Дальнейшая сцена всё больше уходит в область почти фантастического. Магнетизёр обещает «свести» с Ивана запойную страсть и «взять её на себя»; он по-своему «лечит» Флягина вином, не позволяя ему сделать ни одного глотка без особых движений рук над рюмкой — «как регент над хором» или как заклинатель. Ночь превращается в цепь странных переживаний: барин будто бы «влезает» в голову Ивана, «через его глаза на свет смотрит», так что собственное зрение Флягина как бы исчезает, и тем самым он обречён видеть только «то, чего нету». В темноте Флягину мерещатся мерзкие рожи, угрожающие ему и охотящиеся за спрятанными деньгами; перед ним всё время мелькает фигура вихрастого баринка, а сзади слышатся шум, хохот, цыганская музыка и гитара. В какой-то момент, уже на улице, Иван зовёт магнетизёра по имени его «дарования» — «магнетизер!» — и тот как будто буквально вырастает перед ним из темноты; стоит Ивану его коснуться, как «всю память отшибло», он слышит бессмысленную французскую тарабарщину «ди-ка-ти-ли-ка-ти-пе», видит у него «два носа» и снова не понимает, кто это и что с ним происходит.

Лесков принципиально не снимает двусмысленности происходящего. С одной стороны, всё можно объяснить тяжёлым опьянением, нервным истощением и внушаемостью Флягина; с другой — сама последовательность событий и точность «исполненного обещания» создают ощущение подлинного вмешательства непонятной силы. Магнетизёр говорит о страсти к вину как о мучительном бремени, которое может «закрепиться» за одним человеком, и предлагает Ивану найти того, кто добровольно согласится эту слабость с него снять; затем сам открыто называет себя таким человеком. После эпизода с магнетизёром Флягин прямо свидетельствует: тот «как обещался от меня пьяного беса отставить, так его и свёл», и с этой минуты и до нынешнего дня Иван «никогда больше ни одной рюмки не пил». Магнетическое вмешательство оказывается крепче любых прежних намерений и усилий героя, которые до этого не могли его избавить от запоя.
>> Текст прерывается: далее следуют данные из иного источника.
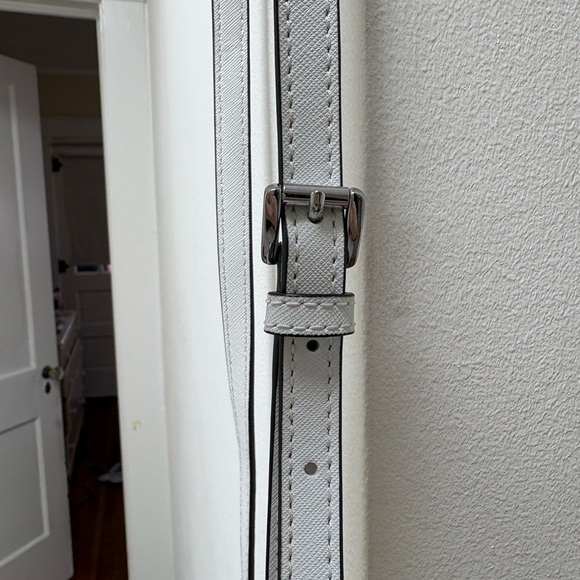 Michael Kors White Leather Studded Crossbody Bag - Picture 4 of 6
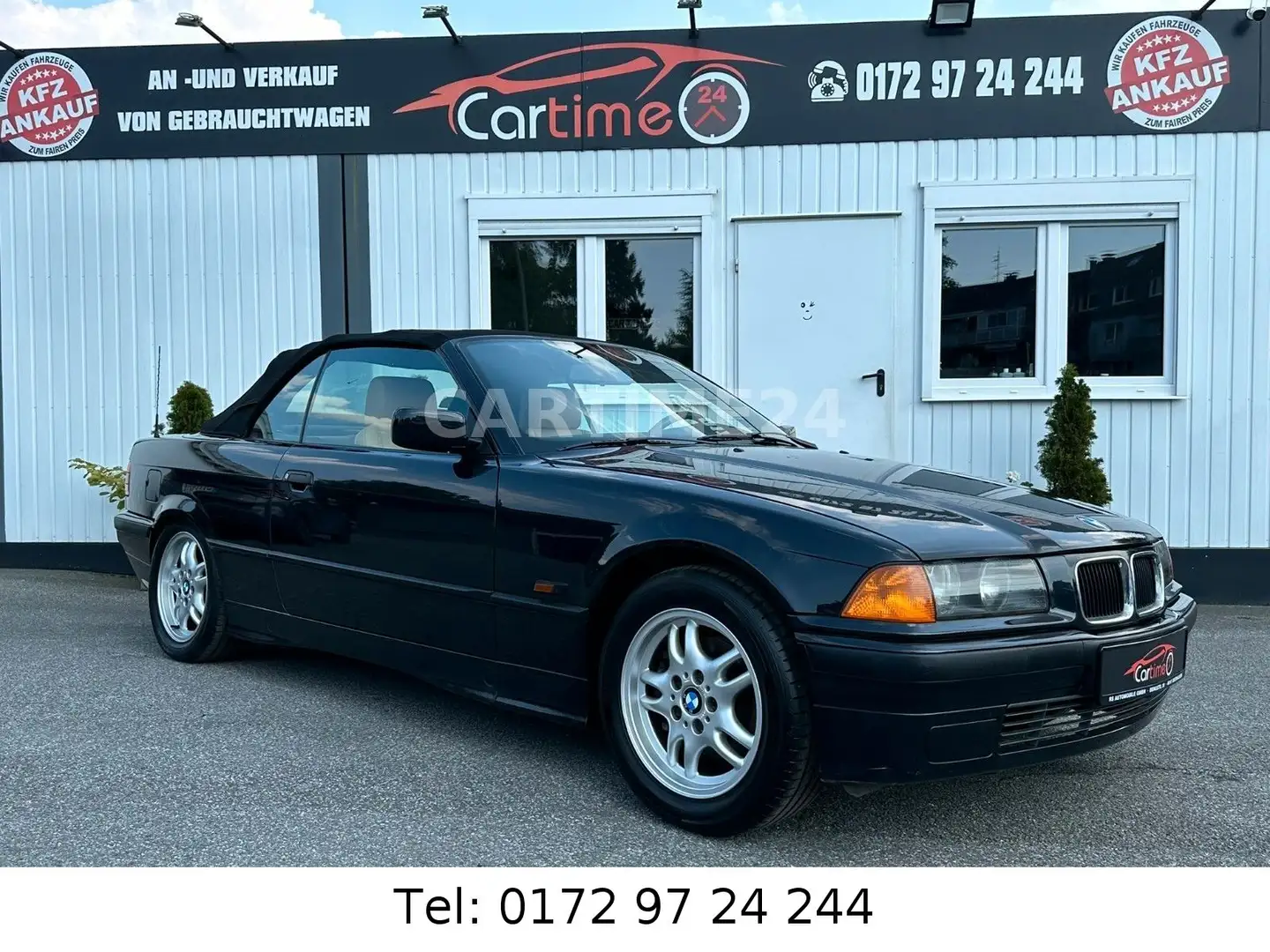 BMW 320 BMW e36 320i Cabrio*YOUNGTIMER*WENIG KM*TÜV NEU* Noir - 2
При этом Лесков тщательно подчёркивает нравственную неоднозначность магнетизёра. Это не благодетель и не пророк, а человек, изуродованный собственной страстью, сознающий свою вину за прежние жестокости и принимающий беспросветное пьянство как заслуженное наказание и как единственный способ больше не губить других: теперь он «только одно знает, что себя губит, а зато уже других губить не может, ибо от него все отвращаются». Его «дар» оборачивается против него самого: сняв с Ивана запойную страсть, он, по словам Флягина, «много на себя набрал и сам не вынес» и вскоре, «напротив цыганов, у шинкарки», так напивается, что умирает. В этой фигуре гротеск и жалость не отменяют подлинного духовного напряжения: человек соглашается стать вместилищем страдания, хотя уже почти полностью разрушен им.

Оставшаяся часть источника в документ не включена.